30 Second Briefing
WHAT IS THE COMPACT FOR A BALANCED BUDGET?
The Compact for a Balanced Budget is an agreement among the states that advances and ratifies a federal Balanced Budget Amendment in a single state legislative bill. It is activated by a single congressional resolution. In essence, the Compact pre-commits 38 states (the ratification number) to the entire constitutional amendment process in advance, so that a specific, pre-drafted federal Balanced Budget Amendment is voted up or down within 24 hours at the convention it organizes. The Compact’s amendment process is set in motion by a congressional resolution, which can be passed with simple majorities and no presidential signature. The congressional resolution both calls the 24 hour convention contemplated by the Compact and pre-selects legislative ratification, avoiding a second trip to Congress.
WHAT DOES THE COMPACT'S FEDERAL BALANCED BUDGET AMENDMENT DO?

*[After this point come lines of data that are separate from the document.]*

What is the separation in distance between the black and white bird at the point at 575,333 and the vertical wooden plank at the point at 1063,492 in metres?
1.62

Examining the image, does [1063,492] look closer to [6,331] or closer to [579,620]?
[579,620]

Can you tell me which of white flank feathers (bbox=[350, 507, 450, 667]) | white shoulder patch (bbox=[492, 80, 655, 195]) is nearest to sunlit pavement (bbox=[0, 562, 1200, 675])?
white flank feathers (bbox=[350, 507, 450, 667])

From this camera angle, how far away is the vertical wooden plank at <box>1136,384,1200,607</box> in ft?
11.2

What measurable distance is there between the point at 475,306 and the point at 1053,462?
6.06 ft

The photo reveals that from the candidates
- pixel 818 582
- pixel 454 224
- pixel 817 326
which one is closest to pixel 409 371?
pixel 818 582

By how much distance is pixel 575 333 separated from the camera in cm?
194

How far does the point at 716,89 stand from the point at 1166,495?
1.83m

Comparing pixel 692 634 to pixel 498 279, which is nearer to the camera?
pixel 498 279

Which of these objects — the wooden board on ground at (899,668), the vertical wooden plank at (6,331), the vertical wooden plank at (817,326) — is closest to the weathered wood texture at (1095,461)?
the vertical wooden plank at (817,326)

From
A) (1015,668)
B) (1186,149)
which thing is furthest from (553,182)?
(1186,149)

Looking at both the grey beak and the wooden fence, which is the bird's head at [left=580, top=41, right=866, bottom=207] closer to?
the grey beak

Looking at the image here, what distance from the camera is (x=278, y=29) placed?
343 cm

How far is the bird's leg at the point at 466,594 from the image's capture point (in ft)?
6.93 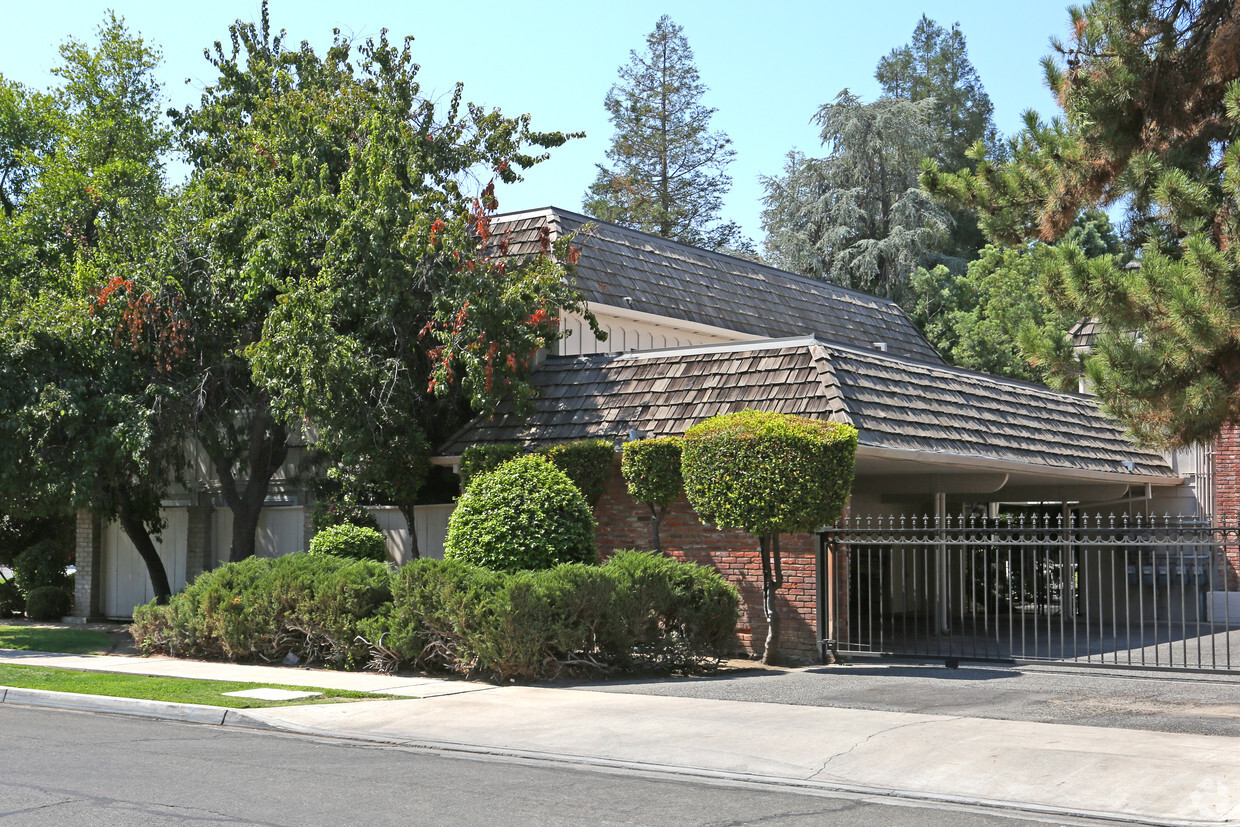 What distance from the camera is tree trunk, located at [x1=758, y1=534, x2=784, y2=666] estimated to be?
49.3ft

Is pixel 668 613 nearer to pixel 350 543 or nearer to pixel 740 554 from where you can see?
pixel 740 554

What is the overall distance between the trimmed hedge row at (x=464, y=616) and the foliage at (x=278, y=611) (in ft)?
0.05

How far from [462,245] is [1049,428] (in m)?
10.1

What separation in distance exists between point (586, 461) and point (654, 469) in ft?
3.99

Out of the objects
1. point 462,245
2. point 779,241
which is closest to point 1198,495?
point 462,245

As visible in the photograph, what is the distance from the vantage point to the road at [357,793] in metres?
7.28

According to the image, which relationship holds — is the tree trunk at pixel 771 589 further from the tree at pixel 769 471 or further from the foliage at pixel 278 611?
the foliage at pixel 278 611

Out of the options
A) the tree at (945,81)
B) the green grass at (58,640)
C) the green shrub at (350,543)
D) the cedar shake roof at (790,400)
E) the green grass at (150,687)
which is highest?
the tree at (945,81)

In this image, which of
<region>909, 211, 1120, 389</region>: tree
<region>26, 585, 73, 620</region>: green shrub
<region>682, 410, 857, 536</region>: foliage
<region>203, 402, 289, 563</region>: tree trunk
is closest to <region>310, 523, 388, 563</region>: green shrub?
<region>203, 402, 289, 563</region>: tree trunk

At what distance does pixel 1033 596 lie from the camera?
65.5ft

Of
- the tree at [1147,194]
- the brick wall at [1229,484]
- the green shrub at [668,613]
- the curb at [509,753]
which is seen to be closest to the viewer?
the curb at [509,753]

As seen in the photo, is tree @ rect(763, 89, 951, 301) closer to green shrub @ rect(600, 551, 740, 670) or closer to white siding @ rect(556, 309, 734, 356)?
white siding @ rect(556, 309, 734, 356)

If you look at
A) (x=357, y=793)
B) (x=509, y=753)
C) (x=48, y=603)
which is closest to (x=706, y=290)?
(x=48, y=603)

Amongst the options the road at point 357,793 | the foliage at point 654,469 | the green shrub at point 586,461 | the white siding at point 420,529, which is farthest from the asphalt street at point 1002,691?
the white siding at point 420,529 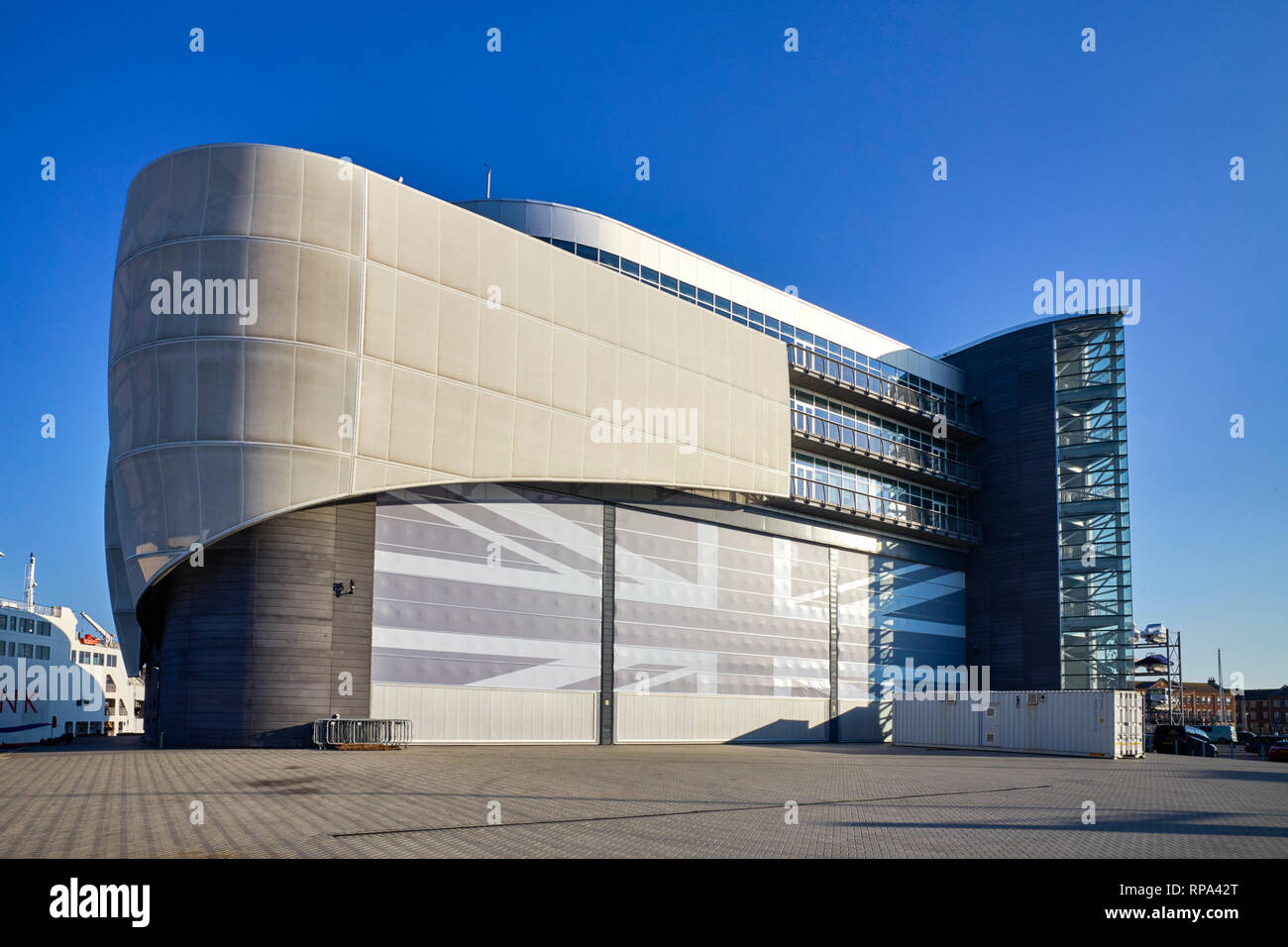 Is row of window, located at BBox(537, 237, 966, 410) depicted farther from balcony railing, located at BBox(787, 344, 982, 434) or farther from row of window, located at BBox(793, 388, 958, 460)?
row of window, located at BBox(793, 388, 958, 460)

The Compact’s Amendment provides a glide path to balanced budgets, stops intergenerational injustice, and prevents unsustainable spending and future taxes by strongly limiting the borrowing capacity of the federal government and otherwise restricting spending at all times to cash on hand. The Amendment keeps all revenue options on the table, but ensures that spending reductions will be considered before tax increases to close deficits. It does this by requiring supermajority approval for new or increased income or sales taxes, while retaining the current simple majority rule for revenue measures that will cause the least harm, such as eliminating tax loopholes and replacing the income tax with a consumption tax.
The Amendment includes three “release valves,” which can handle national emergencies: (1) the ability to pay down the national debt to free up borrowing capacity; (2) a referendum initiated by Congress requesting a simple majority of state legislatures to approve a proposed increase in the debt limit within 60 days; and (3) an impoundment process requiring the President to designate necessary spending delays and reprioritizations when a “red zone” of borrowing capacity is reached, subject to simple majority override by Congress.